BEIR-PL: Zero Shot Information Retrieval Benchmark for the Polish Language

Konrad Wojtasik, Kacper Wolowiec, Vadim Shishkin, Arkadiusz Janz, Maciej Piasecki

Published: 2024, Last Modified: 26 May 2026LREC/COLING 2024EveryoneRevisionsBibTeXCC BY-SA 4.0

Abstract: The BEIR dataset is a large, heterogeneous benchmark for Information Retrieval (IR), garnering considerable attention within the research community. However, BEIR and analogous datasets are predominantly restricted to English language. Our objective is to establish extensive large-scale resources for IR in the Polish language, thereby advancing the research in this NLP area.
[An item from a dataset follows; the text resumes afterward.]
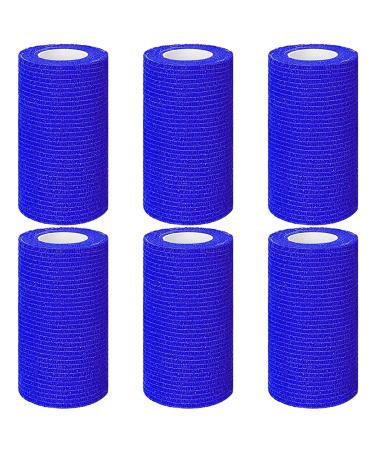 6 Rolls Cohesive Bandage 10cm X 4.5m Vet Wrap For Horses Self Adherent Vet Wrap & Pet Wrap Blue Dog Bandages Football Sock Wrap & Shin Guard Tape For Wrist & Ankle Sprains Swelling & Compression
In this work, inspired by mMARCO and Mr. TyDi datasets, we translated all accessible open IR datasets into Polish, and we introduced the BEIR-PL benchmark – a new benchmark which comprises 13 datasets, facilitating further development, training and evaluation of modern Polish language models for IR tasks. We executed an evaluation and comparison of numerous IR models on the newly introduced BEIR-PL benchmark. Furthermore, we publish pre-trained open IR models for Polish language, marking a pioneering development in this field. The BEIR-PL is included in MTEB Benchmark and also available with trained models at URL https://huggingface.co/clarin-knext.